YOUR GOAL:
Output must consist only of the lines of the material below from the one with "Anabolic Philly cheesesteak" through the one with "Place the Light", each reproduced exactly; no pictures belong in it.

DATA:
----------

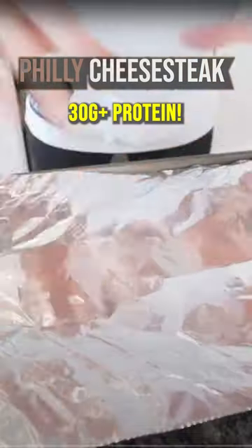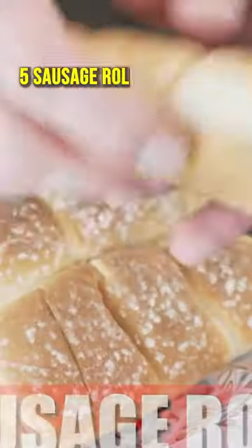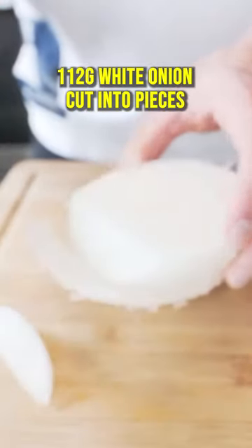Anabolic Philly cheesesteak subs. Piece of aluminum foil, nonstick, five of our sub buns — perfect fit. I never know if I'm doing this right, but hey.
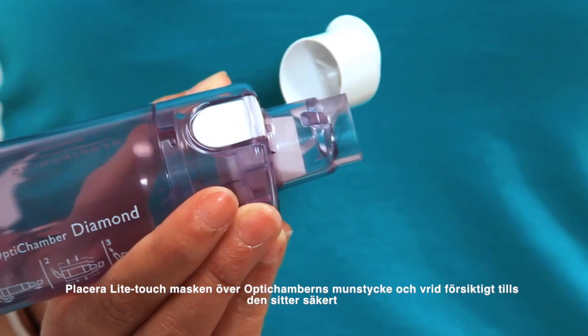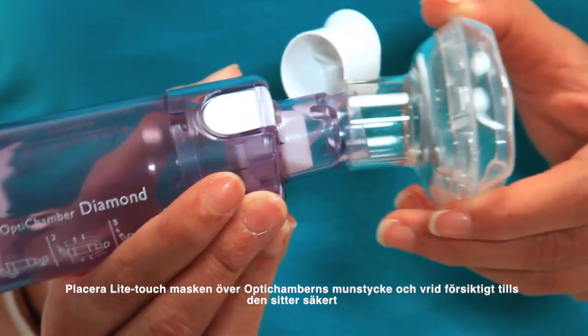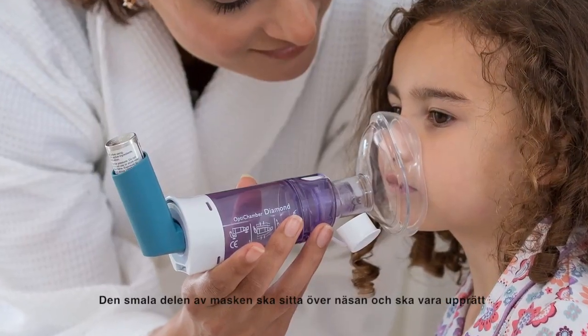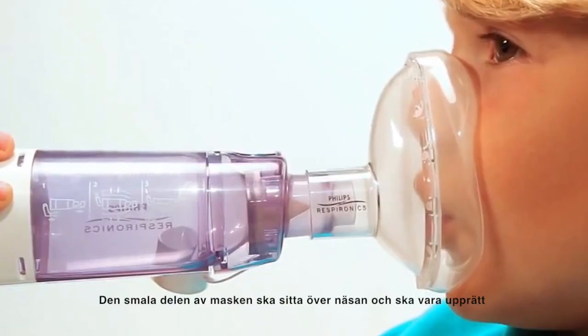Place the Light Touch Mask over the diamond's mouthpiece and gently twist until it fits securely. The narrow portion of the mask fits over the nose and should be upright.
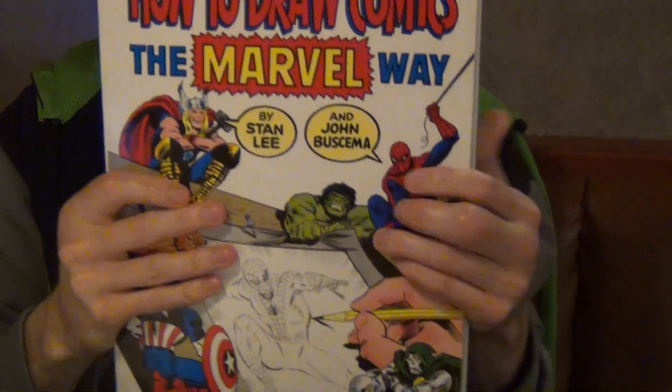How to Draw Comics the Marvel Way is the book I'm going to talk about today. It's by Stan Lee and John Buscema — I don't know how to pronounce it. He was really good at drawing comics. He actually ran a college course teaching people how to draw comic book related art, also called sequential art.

----------

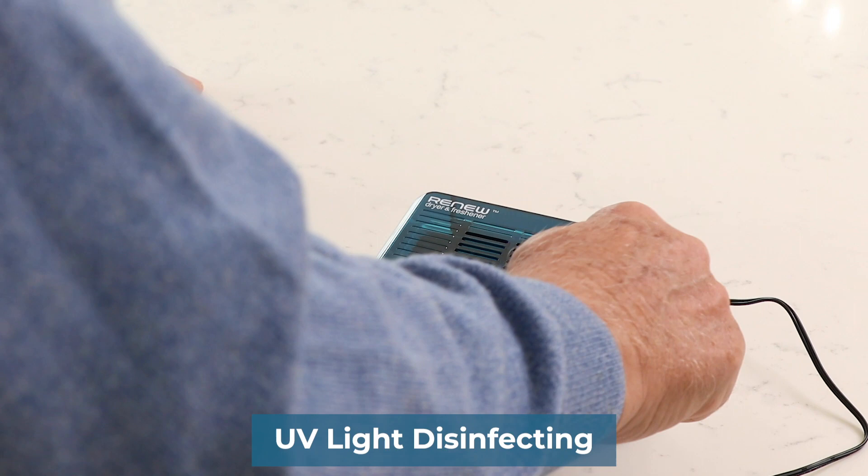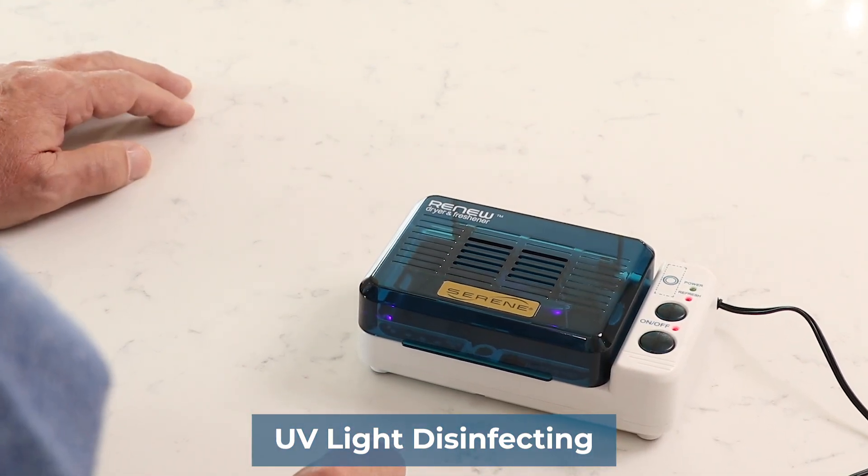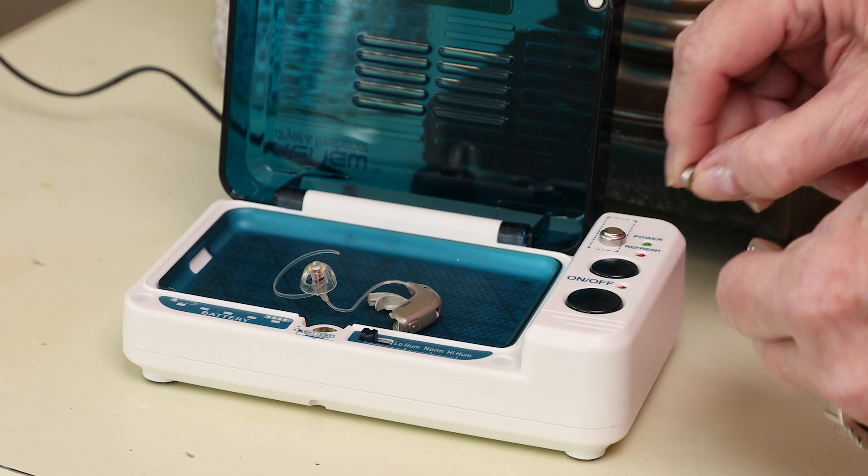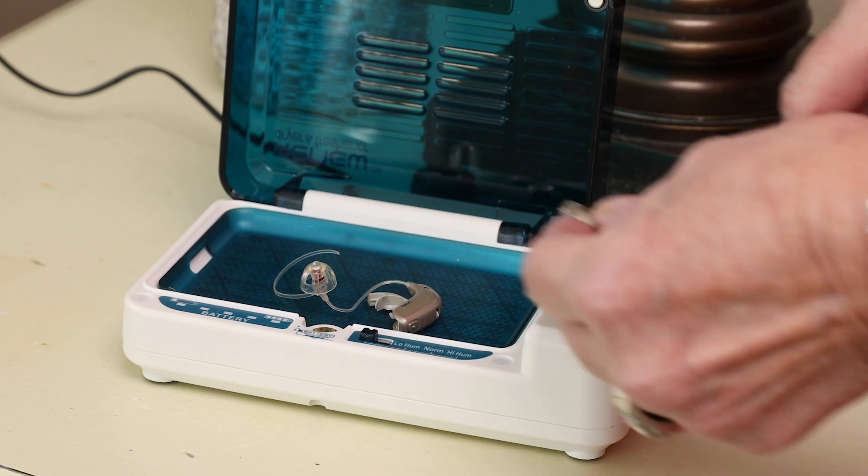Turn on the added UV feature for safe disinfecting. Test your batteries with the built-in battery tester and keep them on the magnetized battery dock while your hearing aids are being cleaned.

----------

SOLUTION TO THIS PROBLEM:
Anabolic Philly cheesesteak subs. Piece of aluminum foil, nonstick, five of our sub buns — perfect fit. I never know if I'm doing this right, but hey.
Place the Light Touch Mask over the diamond's mouthpiece and gently twist until it fits securely. The narrow portion of the mask fits over the nose and should be upright.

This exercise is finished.